Who Was Alan Conway?
There are two notably insightful perspectives on the wild story of Alan Conway: Andrew Anthony’s 1999 article The Counterfeit Kubrick in The Guardian, in which Conway’s own son told the journalist all about his father’s antics, and Color Me Kubrick! in Stop Smiling magazine, the first-hand account of Kubrick’s personal assistant Anthony Frewin, who saw it all from the inside and would go on to pen the script for a movie of the same name. Between them, they paint a portrait that is equal parts amusing, saddening, and downright hard to believe. It would seem there was no mad genius behind this unthinkable scam, or even any real thought at all. As his son tells it, the aptly-named Conway had lived a long life of delusion and deception that took him all over the world, leaving a trail of debt, scandal, and criminality behind him. “A man who, in his fantasies and personality swings, eluded everybody including himself,” journalist Anthony puts it. To top it all off, Conway Jr. describes his father as an abusive drunk who “terrorized me.” Clearly Conway was a complex and far from innocent character whose own family even struggled to define him.
What Did Stanley Kubrick Think of Alan Conway’s Con?
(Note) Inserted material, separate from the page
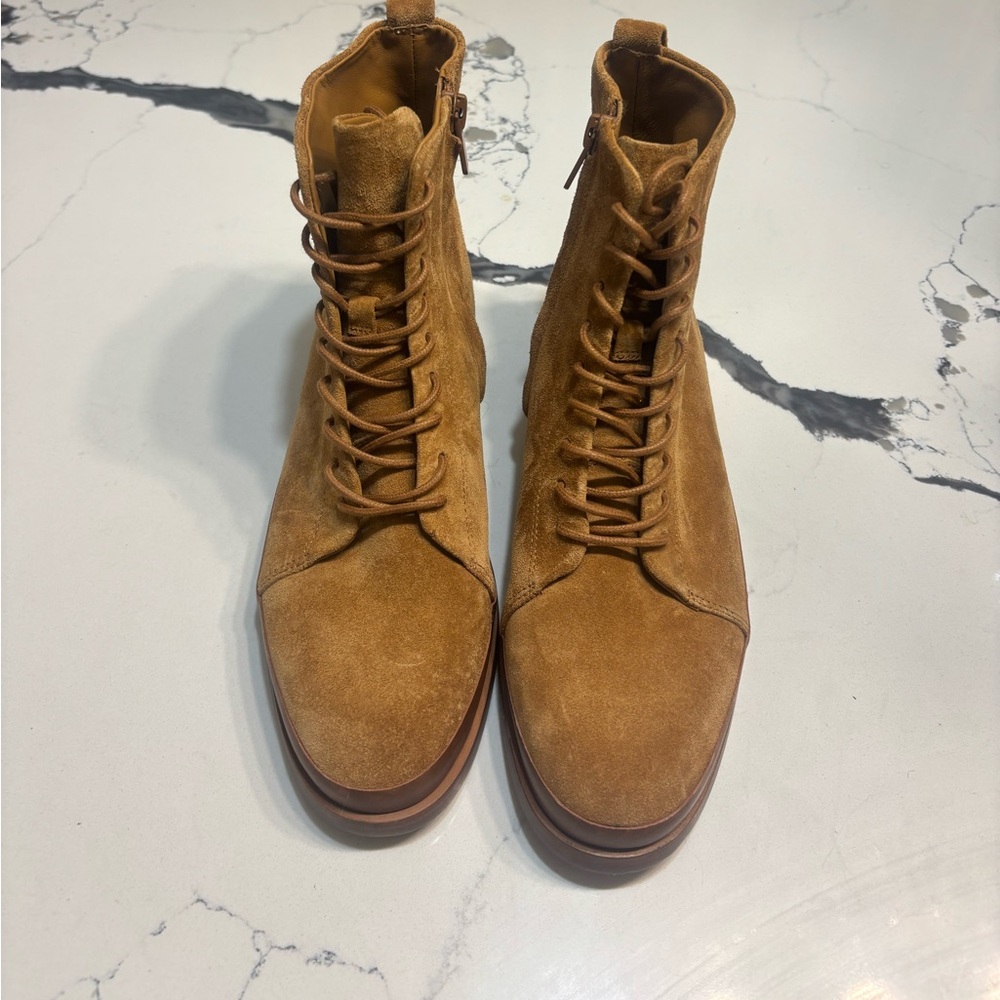 Vince ankle boots suede pull tabs slight heel round toe.  Never worn!!!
But what of the real Kubrick in all this hubbub? Conway’s scam skated by on two factors: the unquestioning awe of star-struck acquaintances and the director’s lack of social presence. Although Kubrick shunned public attention, he was still alive and well, and surrounded by a professional network. According to Frewin, Kubrick was made aware of the whole Conway con when Warner Bros. were inundated with calls from supposed friends desperately trying to reach the director. They had been promised financial backing, roles in movies, and introductions to the right people, but now this famous auteur was ripping away opportunities that they had counted on with his silence. The real Stanley was reportedly baffled and amused by Conway’s chutzpah: “[he] could always see the humorous side of things: ‘I’ll get my own back on this guy. I’ll go around pretending I’m him!’” Frewin writes. Kubrick’s wife Christiane didn’t find it quite so funny. “It was an absolute nightmare. This strange doppelganger who was pretending to be Stanley. Can you imagine the horror?” she told The Guardian in 2005.
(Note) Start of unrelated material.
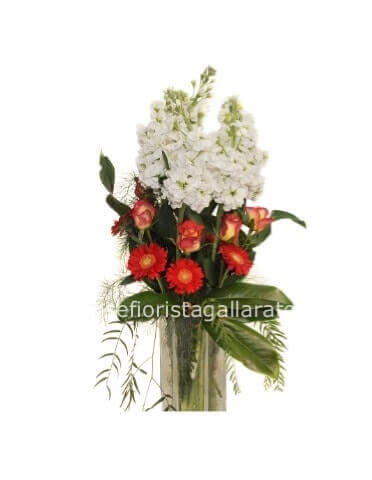 Mazzo di fiori violacciocche e gerbere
The truth was that Stanley Kubrick was safely tucked away at his estate in Hertfordshire, England, enjoying the privacy he so desired. This was quite the opposite of the Kubrick that Conway was presenting, who was constantly out on the town, socializing and swindling young gay men for attention and petty material gain, like rounds of drinks and packets of cigarettes. But in the course of doing so, he destroyed dreams, careers, bank accounts, reputations, and businesses. There were very real consequences of his deception, and victims were often too embarrassed to involve the law because, as Frewin puts it, “it was one thing being conned, but another to go into court and let the whole world know you had gone to bed with a man on the promise of a recording contract.”
Does ‘Color Me Kubrick’ Measure Up To The Real Story?
Color Me Kubrick was slowly released between 2006 and 2007, to a surprisingly minimal reception. One would think that such a premise would have been a bigger deal, as a wacky true story involving one of history’s most prominent directors. The mediocrity of Color Me Kubrick didn’t stop at its release and box office performance, however. The movie is a bit of a confused mess, and that is a shame, because in better hands it could have been great. It should have been a punchy, witty, fast-paced chase à la Catch Me If You Can, starting from the petty beginning of the impostor’s scheme and escalating, with pursuers catching on, until their capture is nail-bitingly inevitable.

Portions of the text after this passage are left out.